The available 410-horsepower twin-turbo V-Sport model just seems pointless, however, and I’d be curious to see who actually springs for this.
Style-wise, the XTS is something of an odd duck. The front end, viewed head-on, is inoffensive, contains adequate brightwork and clearly marks this car as a Cadillac.
Side-on, the front end appears stumpy, with the leading edge of front door nearly touching the wheel well. A long, flowing crease originating at the front fender carries on to the rear of the car, breaking up the expanse of sheet metal and giving the long sedan less of a slab-sided look.
The XTS’s side crease, flowing roofline and sharply raked C-pillar are not unattractive – at the very least, the package is inoffensive, which is the design goal of many an automaker when trying to woo traditional return buyers.
Like the abbreviated front end, the rear deck can also be seen as stumpy, despite the car’s otherwise large rear overhang. Though it’s hard to see when an XTS is scooting past, the rear taillights actually have a vestigial tail fin thing going on.

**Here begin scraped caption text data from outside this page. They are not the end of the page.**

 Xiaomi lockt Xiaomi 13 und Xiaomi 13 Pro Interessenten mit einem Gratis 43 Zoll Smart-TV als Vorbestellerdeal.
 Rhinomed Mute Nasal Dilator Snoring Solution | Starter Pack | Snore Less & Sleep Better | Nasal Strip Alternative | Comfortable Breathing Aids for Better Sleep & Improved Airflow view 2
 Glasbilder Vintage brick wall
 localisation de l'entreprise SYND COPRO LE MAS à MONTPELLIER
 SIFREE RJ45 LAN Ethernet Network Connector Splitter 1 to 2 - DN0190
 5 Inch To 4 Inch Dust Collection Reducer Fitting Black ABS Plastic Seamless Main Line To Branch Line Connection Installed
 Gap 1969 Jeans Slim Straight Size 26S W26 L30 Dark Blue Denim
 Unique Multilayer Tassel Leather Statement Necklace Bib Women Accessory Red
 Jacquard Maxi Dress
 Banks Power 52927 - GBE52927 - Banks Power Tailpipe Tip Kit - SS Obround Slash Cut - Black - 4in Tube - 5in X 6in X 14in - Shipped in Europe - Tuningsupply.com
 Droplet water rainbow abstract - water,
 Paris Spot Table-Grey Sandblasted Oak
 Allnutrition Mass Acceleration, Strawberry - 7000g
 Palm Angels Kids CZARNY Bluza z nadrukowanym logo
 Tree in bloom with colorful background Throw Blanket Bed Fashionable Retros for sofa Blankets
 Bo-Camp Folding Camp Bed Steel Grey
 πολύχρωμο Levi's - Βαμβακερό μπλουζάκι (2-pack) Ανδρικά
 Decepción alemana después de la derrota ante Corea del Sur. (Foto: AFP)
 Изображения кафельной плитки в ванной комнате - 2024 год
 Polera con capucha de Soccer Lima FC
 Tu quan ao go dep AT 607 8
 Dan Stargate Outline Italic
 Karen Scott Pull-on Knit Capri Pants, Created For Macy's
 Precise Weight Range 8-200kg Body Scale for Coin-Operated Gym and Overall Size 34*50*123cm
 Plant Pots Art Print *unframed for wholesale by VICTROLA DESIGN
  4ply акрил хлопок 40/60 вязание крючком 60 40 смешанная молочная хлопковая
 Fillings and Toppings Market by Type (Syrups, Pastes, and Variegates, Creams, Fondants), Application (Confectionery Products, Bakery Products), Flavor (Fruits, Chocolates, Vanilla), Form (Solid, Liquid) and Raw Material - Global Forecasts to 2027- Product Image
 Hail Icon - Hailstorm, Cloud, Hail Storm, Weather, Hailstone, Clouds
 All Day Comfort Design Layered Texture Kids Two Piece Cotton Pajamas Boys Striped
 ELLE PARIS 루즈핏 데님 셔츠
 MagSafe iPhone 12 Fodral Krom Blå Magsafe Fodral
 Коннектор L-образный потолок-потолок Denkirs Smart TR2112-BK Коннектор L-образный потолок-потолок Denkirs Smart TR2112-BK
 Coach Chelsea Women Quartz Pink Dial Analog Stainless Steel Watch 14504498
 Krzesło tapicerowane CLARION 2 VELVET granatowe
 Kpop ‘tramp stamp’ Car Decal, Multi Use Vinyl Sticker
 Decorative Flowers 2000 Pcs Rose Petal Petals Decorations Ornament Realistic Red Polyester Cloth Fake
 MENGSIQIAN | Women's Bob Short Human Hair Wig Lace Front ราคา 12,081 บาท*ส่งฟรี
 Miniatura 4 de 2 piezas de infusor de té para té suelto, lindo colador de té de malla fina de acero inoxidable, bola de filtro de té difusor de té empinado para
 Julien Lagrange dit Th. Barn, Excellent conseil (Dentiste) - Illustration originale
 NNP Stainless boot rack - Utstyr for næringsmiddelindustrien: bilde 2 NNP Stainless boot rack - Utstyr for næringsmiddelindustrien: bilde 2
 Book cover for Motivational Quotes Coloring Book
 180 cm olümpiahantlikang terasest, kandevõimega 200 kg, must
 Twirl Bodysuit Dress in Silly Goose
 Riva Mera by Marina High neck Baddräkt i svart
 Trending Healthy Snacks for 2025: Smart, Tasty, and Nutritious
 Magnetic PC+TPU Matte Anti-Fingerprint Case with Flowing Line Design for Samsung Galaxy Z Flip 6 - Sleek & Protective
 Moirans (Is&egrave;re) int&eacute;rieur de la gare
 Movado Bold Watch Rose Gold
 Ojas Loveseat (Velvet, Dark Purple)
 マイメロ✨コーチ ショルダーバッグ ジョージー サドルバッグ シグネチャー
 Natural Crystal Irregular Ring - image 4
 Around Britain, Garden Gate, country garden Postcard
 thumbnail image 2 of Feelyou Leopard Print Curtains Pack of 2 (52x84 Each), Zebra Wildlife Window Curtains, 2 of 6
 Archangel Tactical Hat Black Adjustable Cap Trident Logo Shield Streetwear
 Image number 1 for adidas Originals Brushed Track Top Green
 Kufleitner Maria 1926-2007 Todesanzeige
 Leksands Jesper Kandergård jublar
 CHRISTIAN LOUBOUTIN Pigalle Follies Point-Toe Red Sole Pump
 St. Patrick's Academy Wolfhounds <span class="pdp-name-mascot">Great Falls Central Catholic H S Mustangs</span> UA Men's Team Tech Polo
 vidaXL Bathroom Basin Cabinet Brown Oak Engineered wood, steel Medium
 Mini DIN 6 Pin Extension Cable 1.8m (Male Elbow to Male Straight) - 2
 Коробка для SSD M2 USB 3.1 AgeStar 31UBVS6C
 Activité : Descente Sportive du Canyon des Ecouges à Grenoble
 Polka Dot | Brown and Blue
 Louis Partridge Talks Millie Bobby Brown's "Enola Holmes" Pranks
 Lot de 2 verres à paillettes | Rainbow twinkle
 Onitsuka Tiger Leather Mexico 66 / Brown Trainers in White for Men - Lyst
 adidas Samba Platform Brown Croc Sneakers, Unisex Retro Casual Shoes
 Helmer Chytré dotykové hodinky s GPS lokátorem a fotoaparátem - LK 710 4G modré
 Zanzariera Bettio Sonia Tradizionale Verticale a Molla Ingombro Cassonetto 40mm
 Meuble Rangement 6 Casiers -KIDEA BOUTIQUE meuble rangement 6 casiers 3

Certainly, towering fins were once the hallmark of Caddy design, so this represents a nod to the marque’s storied past. As well, given the vehicle’s short rear deck, the tiny fins serve to carry the car’s presence just a little bit further aft.
Overall, it’s something of a strange vehicle, but it’s one Cadillac clearly felt needed to exist.
How long will the XTS soldier on in the Cadillac lineup? Who knows, but it will be interesting to see what the design department does when it comes time for a mid-cycle refresh or even a full re-design.